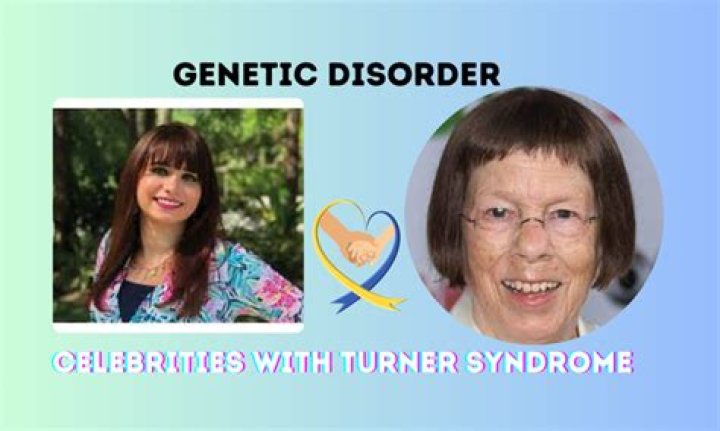 Famous Celebrities Who Have Overcome Turner Syndrome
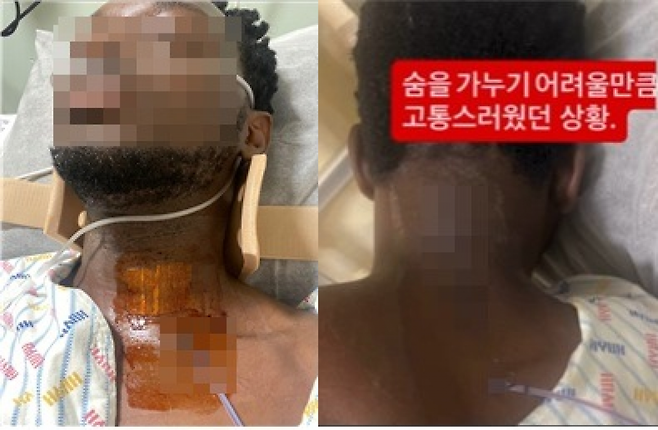 수술 직후 치료를 받고 있는 피해자 모습. 목 부위에는 큰 수술 자국이 남아 있다. [사진출처=온라인 커뮤니티]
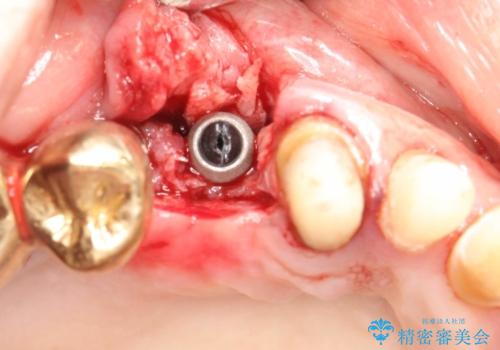 薄い骨にもインプラントを スプリットクレスト+ショートインプラントの応用の治療中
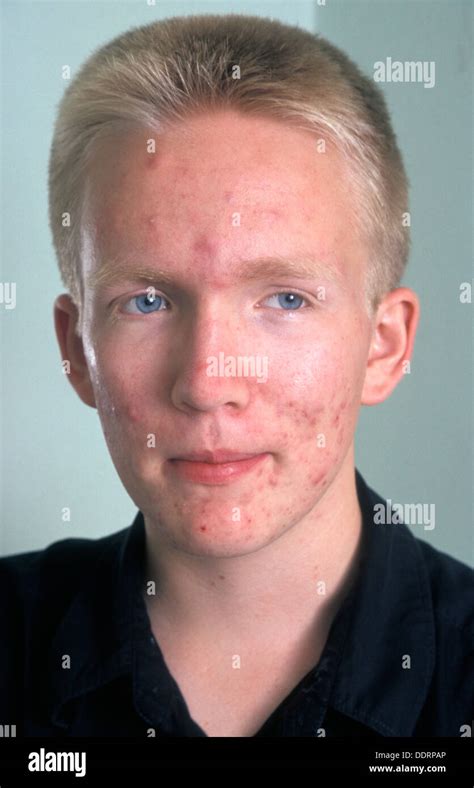 Portrait Teenage Boy Acne Hi Res Stock Photography And Images Alamy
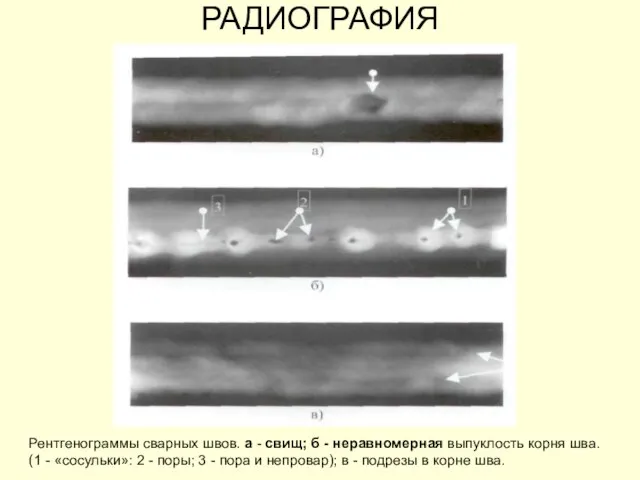 РАДИОГРАФИЯ Рентгенограммы сварных швов. а - свищ; б - неравномерная выпуклость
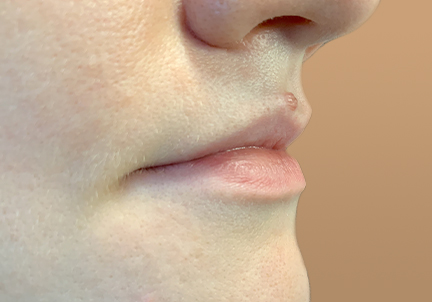 Injectables And Fillers 01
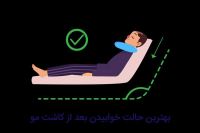 متخصص کاشت مو در شیراز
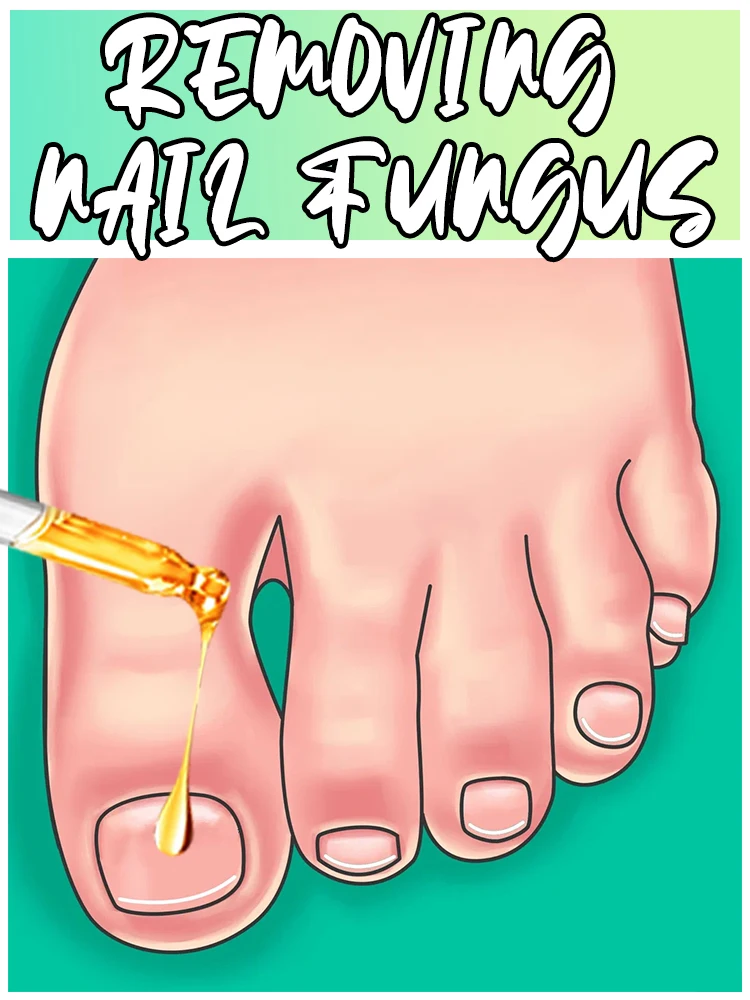 

Fungus Prevention Technology - Adjustable Temperature Control and Safety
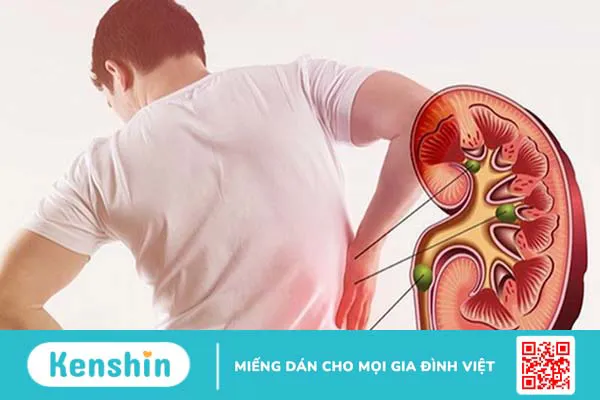 Sỏi bàng quang: 11 nguyên nhân gây bệnh không thể chủ quan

********************

> **Activity**:
The expected response is every line of the material, written out exactly, with the images removed.

> **Exercise response**:
 Famous Celebrities Who Have Overcome Turner Syndrome
 수술 직후 치료를 받고 있는 피해자 모습. 목 부위에는 큰 수술 자국이 남아 있다. [사진출처=온라인 커뮤니티]
 薄い骨にもインプラントを スプリットクレスト+ショートインプラントの応用の治療中
 Portrait Teenage Boy Acne Hi Res Stock Photography And Images Alamy
 РАДИОГРАФИЯ Рентгенограммы сварных швов. а - свищ; б - неравномерная выпуклость
 Injectables And Fillers 01
 متخصص کاشت مو در شیراز

Fungus Prevention Technology - Adjustable Temperature Control and Safety
 Sỏi bàng quang: 11 nguyên nhân gây bệnh không thể chủ quan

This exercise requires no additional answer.